Reprint each record exactly. Pictures are not reprinted.

Start of Block

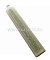  SF-FILTER SW41533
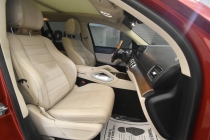 2021 Mercedes-Benz GLS GLS 450 AWD 4MATIC 4dr SUV - photothumb 17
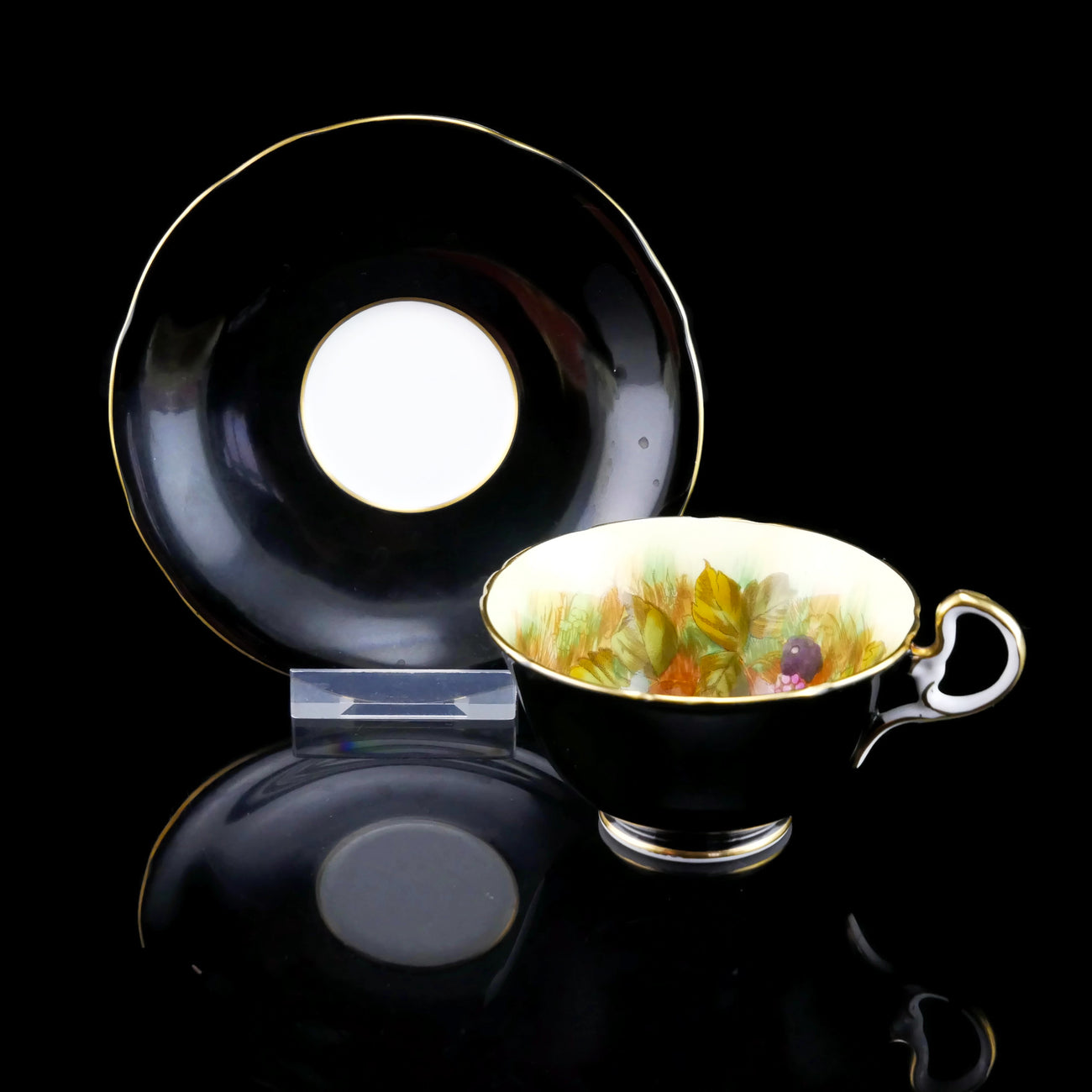 LR_8_0effd5fd-9522-4f28-b76f-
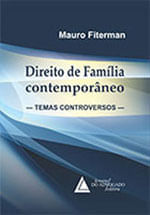 https---www.caasp.org.br-ecommerce_imagens-Processar-Saida-9788569538059-9788569538059_1.jpg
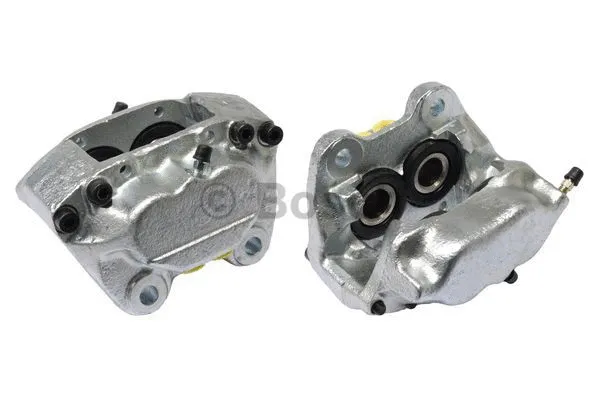 Brake Caliper (0 986 473 186)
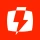 Video Lite icon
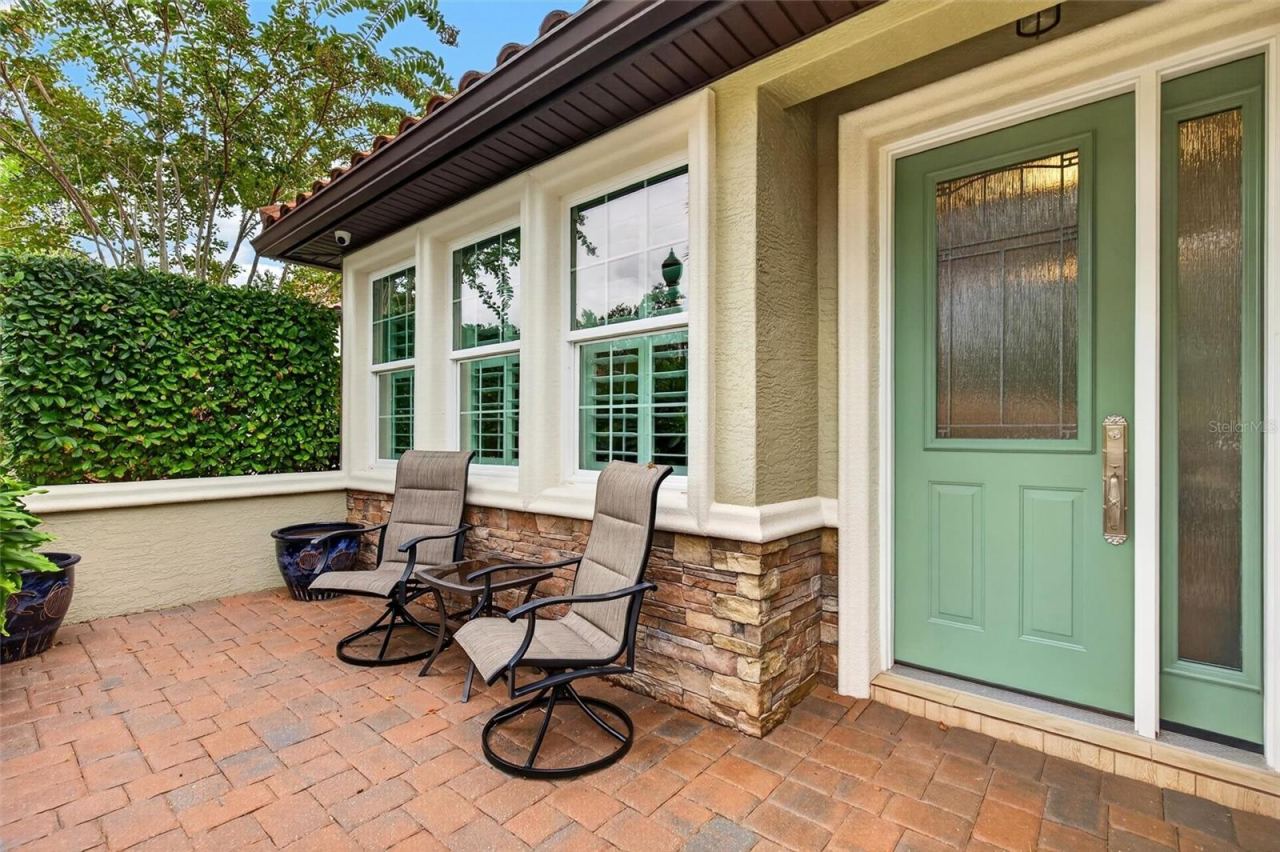 Photo 5 of 29 Apian Way, Ormond Beach, FL 32174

End of Block

▸ **EXERCISE OUTPUT**:
  SF-FILTER SW41533
 2021 Mercedes-Benz GLS GLS 450 AWD 4MATIC 4dr SUV - photothumb 17
 LR_8_0effd5fd-9522-4f28-b76f-
 https---www.caasp.org.br-ecommerce_imagens-Processar-Saida-9788569538059-9788569538059_1.jpg
 Brake Caliper (0 986 473 186)
 Video Lite icon
 Photo 5 of 29 Apian Way, Ormond Beach, FL 32174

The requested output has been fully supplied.